Il portiere marocchino Yassine Bounou ha giocato in modo brillante ai calci di rigore, aiutando la sua squadra a superare l'Olanda. Foto: FIFA.
Il professor Jordet ha prestato particolare attenzione anche ai segnali di tensione, a volte derivanti da piccoli dettagli. Questi potevano includere l'andatura del giocatore a centrocampo, le espressioni del viso o la reazione al fischio dell'arbitro. Alcuni giocatori interpretano il fischio dell'arbitro come un segnale d'allarme e si lanciano in azione troppo rapidamente, segno che desiderano porre fine alla sensazione di sofferenza piuttosto che concentrarsi sul compito da svolgere.
Non solo i tiratori stanno cambiando, ma anche i portieri stanno vivendo una vera e propria rivoluzione. Non si limitano più a indovinare la traiettoria del pallone, ma utilizzano dati, analisi e persino movimenti ingannevoli. Yassine Bounou del Marocco, ai Mondiali del 2026, ne è un esempio lampante, grazie alla sua capacità di intrappolare gli avversari in attesa di un movimento del portiere. Nella partita vinta dal Marocco contro l'Olanda, due giocatori olandesi hanno calciato fuori, mentre un altro tiro è stato parato da Bounou.
Sotto la guida di Carlo Ancelotti, il Brasile si allenava anche sui calci di rigore come se fossero situazioni reali. Divideva la squadra in due gruppi, faceva posizionare i giocatori al centro del campo, li faceva camminare fino al dischetto del rigore e ripeteva l'intera procedura, mentre lo staff tecnico osservava il loro linguaggio del corpo e le loro reazioni.
Prima di allora, il portiere argentino Emiliano Martinez aveva trasformato la serie di rigori in una vera e propria sfida mentale. Una serie di manovre intelligenti, fin dal momento in cui l'avversario si presentava sul dischetto, lo avevano aiutato a vincere tutte e sei le sue più recenti serie di rigori, compresa la finale dei Mondiali del 2022.
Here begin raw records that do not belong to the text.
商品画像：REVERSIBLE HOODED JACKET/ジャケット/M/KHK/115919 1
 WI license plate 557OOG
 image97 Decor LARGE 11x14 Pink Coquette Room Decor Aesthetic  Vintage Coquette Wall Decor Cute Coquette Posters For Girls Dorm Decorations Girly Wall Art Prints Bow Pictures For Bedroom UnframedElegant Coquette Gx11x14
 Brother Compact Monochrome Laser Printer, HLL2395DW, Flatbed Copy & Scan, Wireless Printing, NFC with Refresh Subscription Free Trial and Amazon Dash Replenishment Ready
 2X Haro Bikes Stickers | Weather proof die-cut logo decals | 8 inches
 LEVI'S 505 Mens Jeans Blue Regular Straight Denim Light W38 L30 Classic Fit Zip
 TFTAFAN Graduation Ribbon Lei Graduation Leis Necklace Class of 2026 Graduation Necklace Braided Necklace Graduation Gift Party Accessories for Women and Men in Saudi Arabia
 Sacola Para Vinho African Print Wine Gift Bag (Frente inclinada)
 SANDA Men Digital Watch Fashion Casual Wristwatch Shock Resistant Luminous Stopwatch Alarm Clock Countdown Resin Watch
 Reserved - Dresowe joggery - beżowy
Nonostante dati sempre più dettagliati, studi psicologici e piani di allenamento, i calci di rigore rimangono il momento in cui il calcio conserva la sua spietatezza. Probabilmente, anche in questo Mondiale, un giovane giocatore verrà ricordato per aver calciato in tribuna dal fatidico dischetto del rigore. L'unica differenza, forse, è che una simile sconfitta sarà sempre meno vista come un destino ineluttabile. Dovrebbe essere una lezione da imparare con cura prima di affrontare la fase a eliminazione diretta.